Prompt »
Reproduce exactly the lines from the one containing "Volume Manager PRO chrome extension" through the end of the listing, minus the pictures.

##### Input data #####

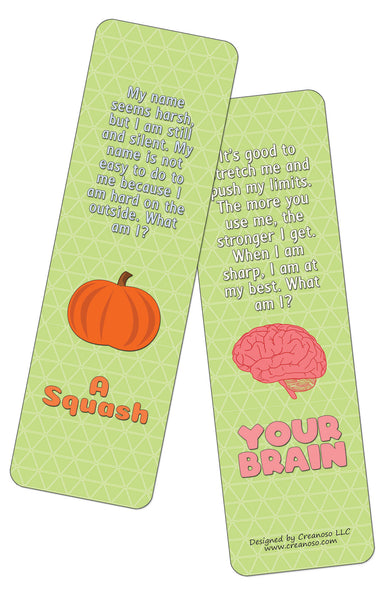 Creanoso Fun Riddle Bookmarks for Kids Series2 (30-Pack) - Classroom Reward Incentives for Students and Children - Stocking Stuffers Party Favors & Giveaways for Teens & Adults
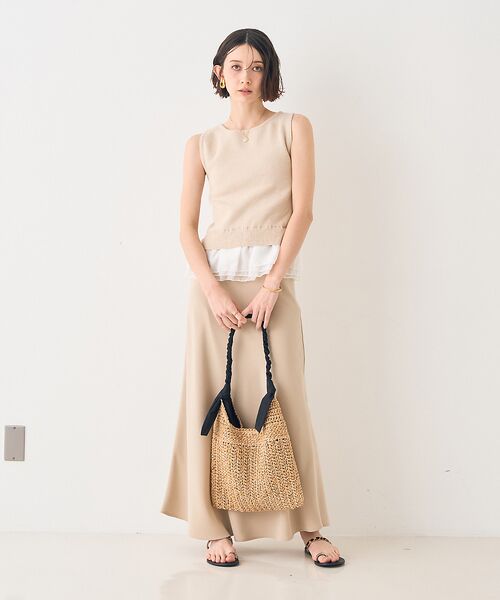 Rouge vif la cle / ルージュ・ヴィフ ラクレ トートバッグ | 【一部店舗限定】ショルダーリボンペーパーかごバック | 詳細3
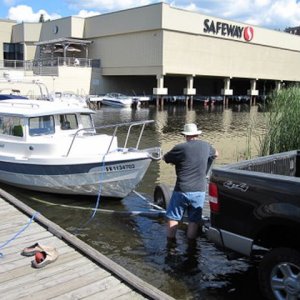 Loading by the Safeway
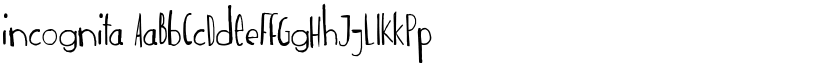 incognita font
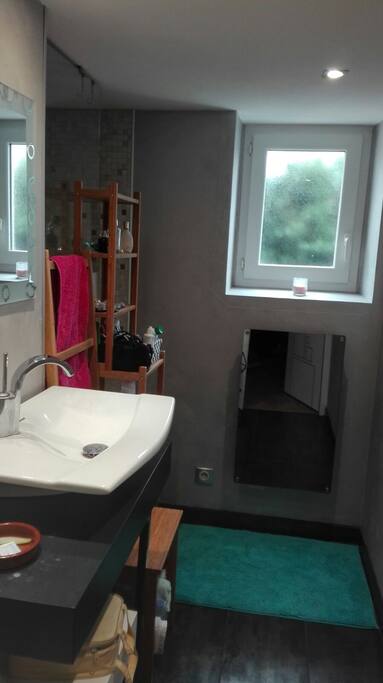 Salle de bain modern avec douche à l'italienne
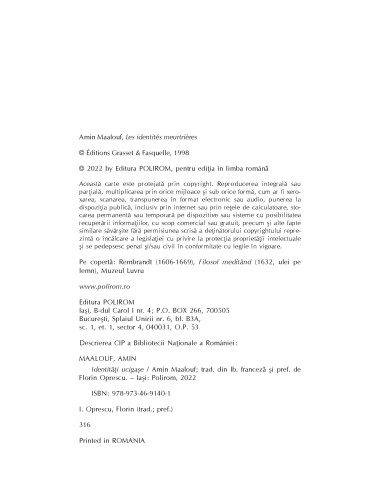 Identităţi ucigaşe Identităţi ucigaşe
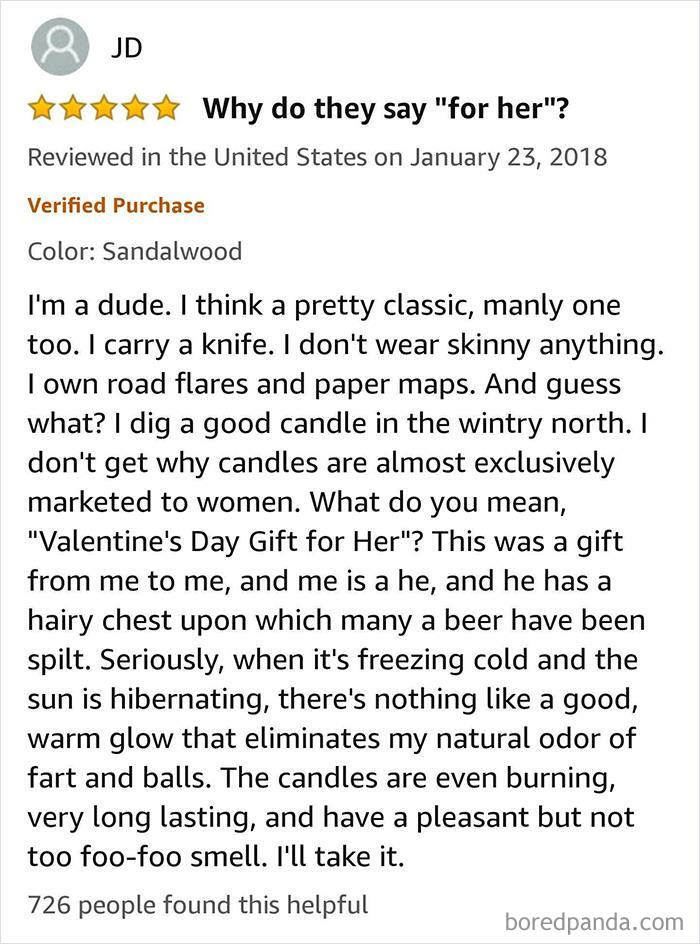 Candles Are For Men Too!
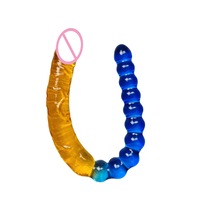 Articles pour adultes : Jouet sexuel réaliste double extrémité, Dildos flexibles en gelée, Pénis, Plug anal, Masseur, Stimulation du point G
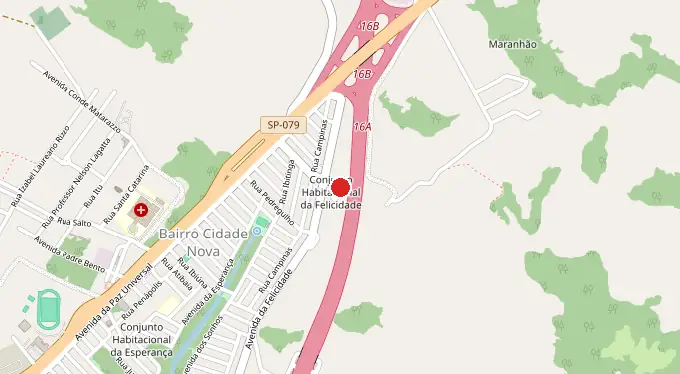 Mapa de Cohab Felicidade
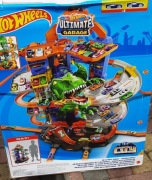 DUŻY GARAŻ XXL 90cm HOT WHEELS T-REX WINDA TOR WYŚCIGOWY PARKING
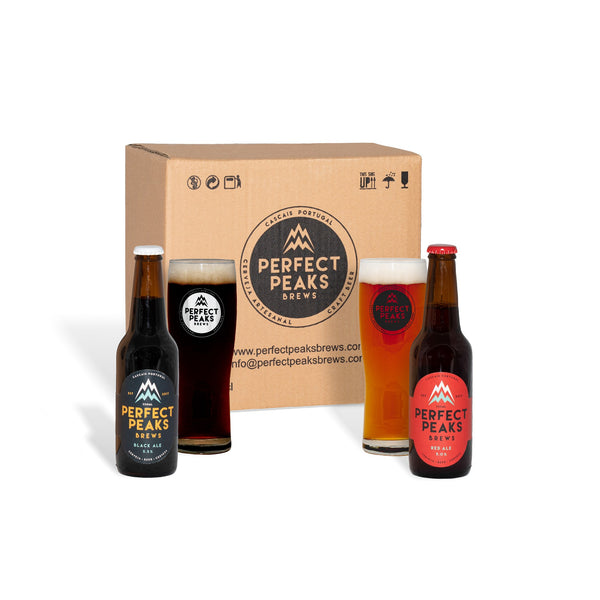 Winter Variety Box of 12 330ml 6 Red Ale 6 Black Ale | Perfect Peaks Brews - Cascais Artisanal Beer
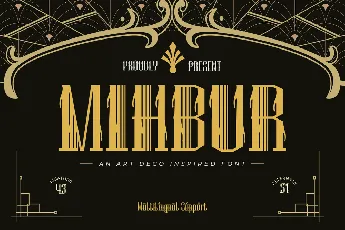 MIHBURtrial font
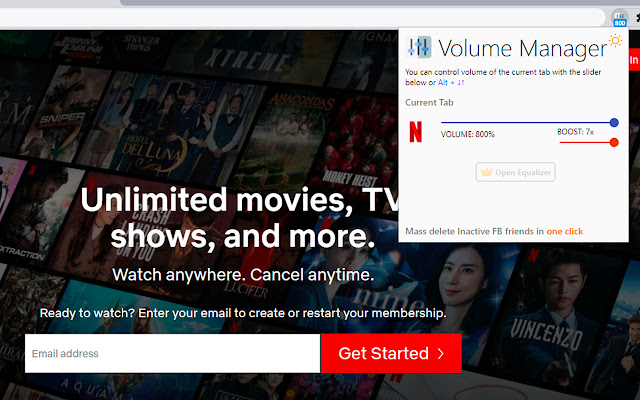 Volume Manager PRO chrome extension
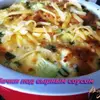 Кабачки под сырным соусом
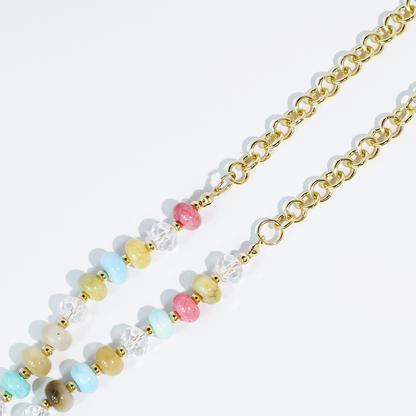 Multi Puff Heart Necklace
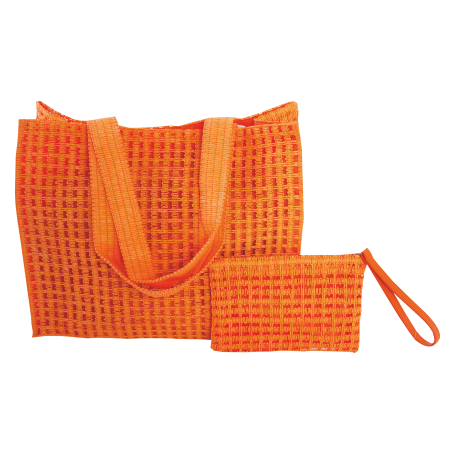SET BORSA MARE E POCHETTE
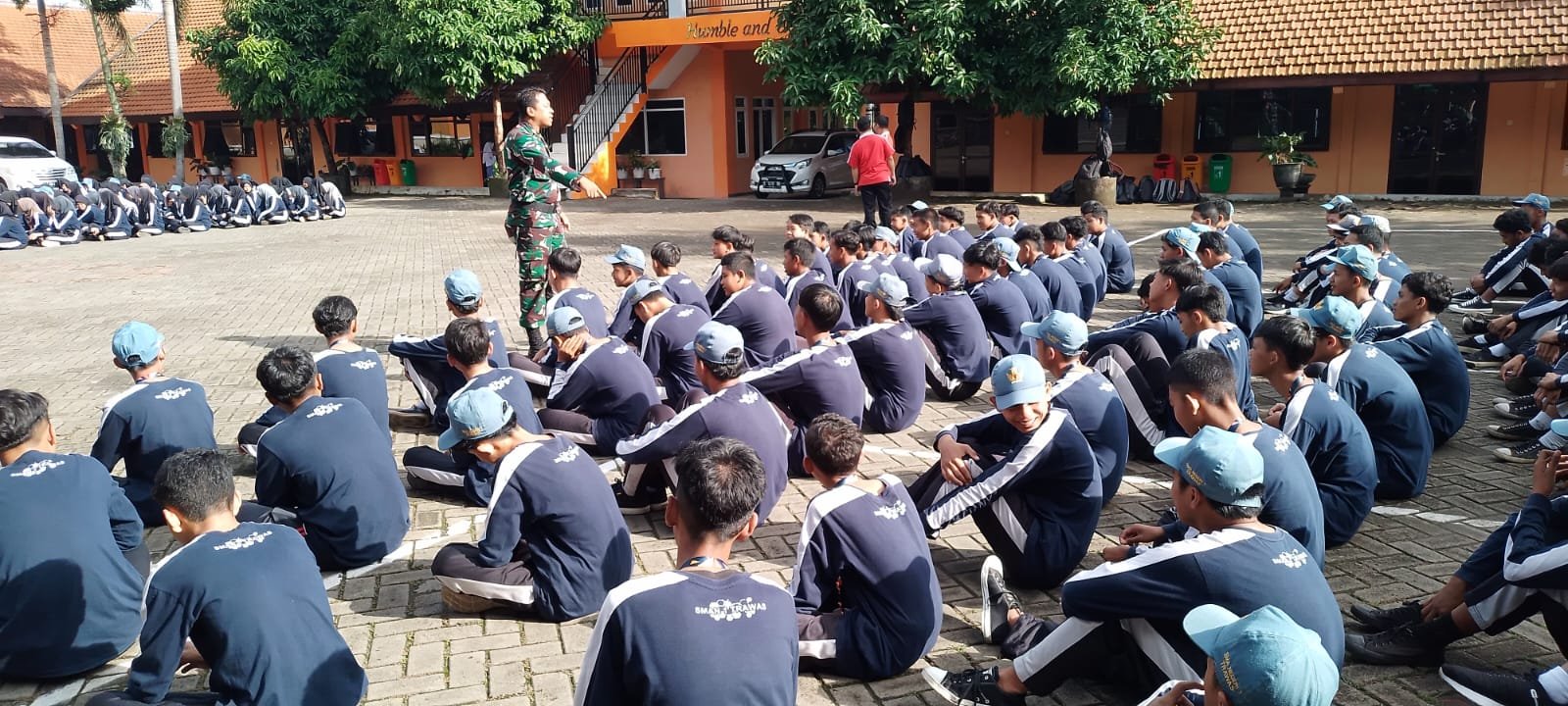 Koramil Trawas, Bekali Projek Penguatan Profil Pelajar Pancasila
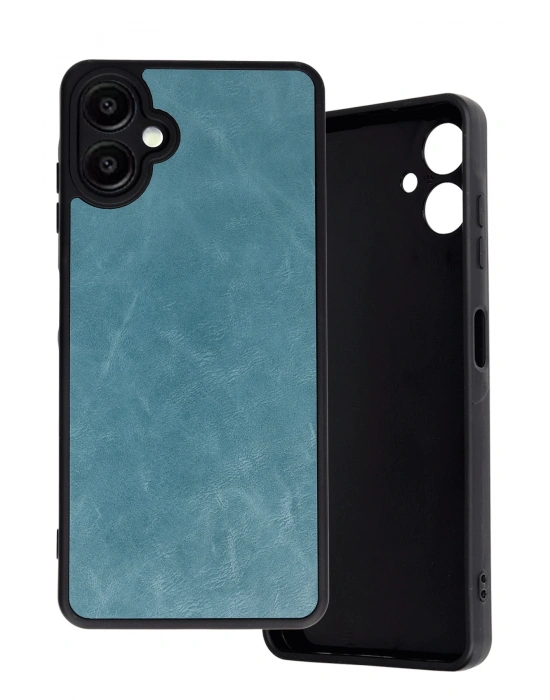 Newface Samsung Galaxy A06 Kılıf Aras Deri Kapak - Açık Yeşil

#####

Task output »
 Volume Manager PRO chrome extension
 Кабачки под сырным соусом
 Multi Puff Heart Necklace
SET BORSA MARE E POCHETTE
 Koramil Trawas, Bekali Projek Penguatan Profil Pelajar Pancasila
 Newface Samsung Galaxy A06 Kılıf Aras Deri Kapak - Açık Yeşil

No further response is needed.